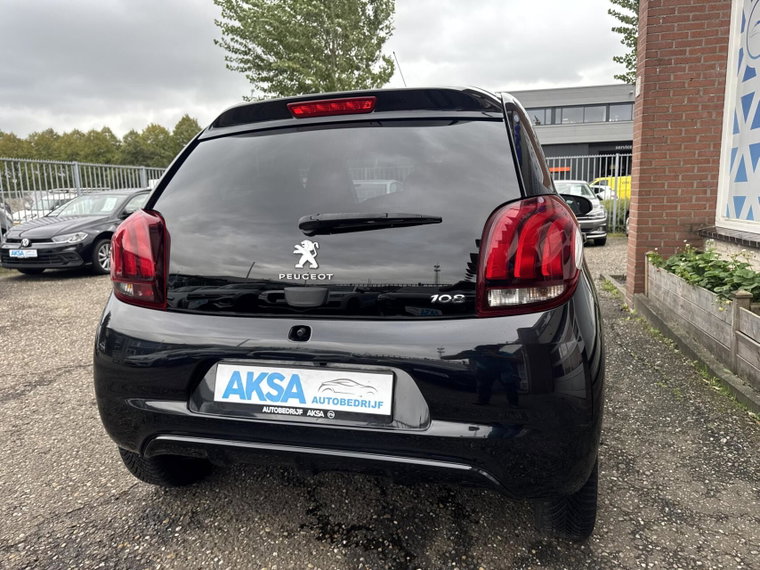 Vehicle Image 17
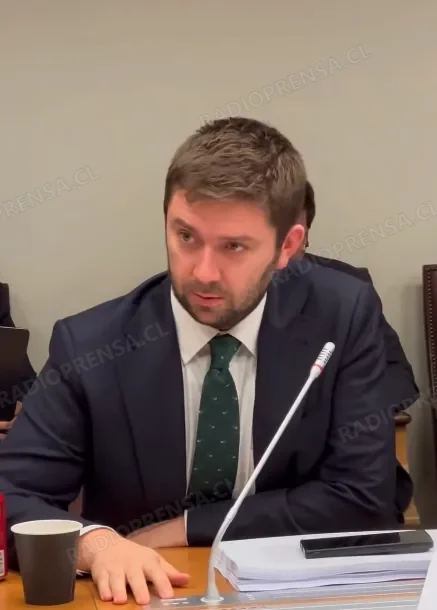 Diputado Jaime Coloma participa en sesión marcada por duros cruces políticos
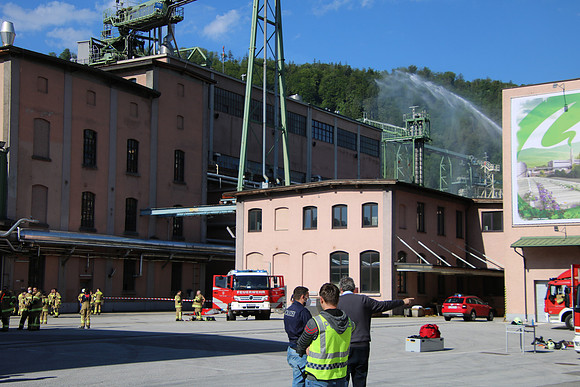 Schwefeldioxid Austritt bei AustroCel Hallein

PROBLEM DETAILS
Please copy, exactly and only, the lines of the listing that run from the one holding "Diputado Jaime Coloma" through its last line, and exclude pictures.

TASK SOLUTION
 Diputado Jaime Coloma participa en sesión marcada por duros cruces políticos
 Schwefeldioxid Austritt bei AustroCel Hallein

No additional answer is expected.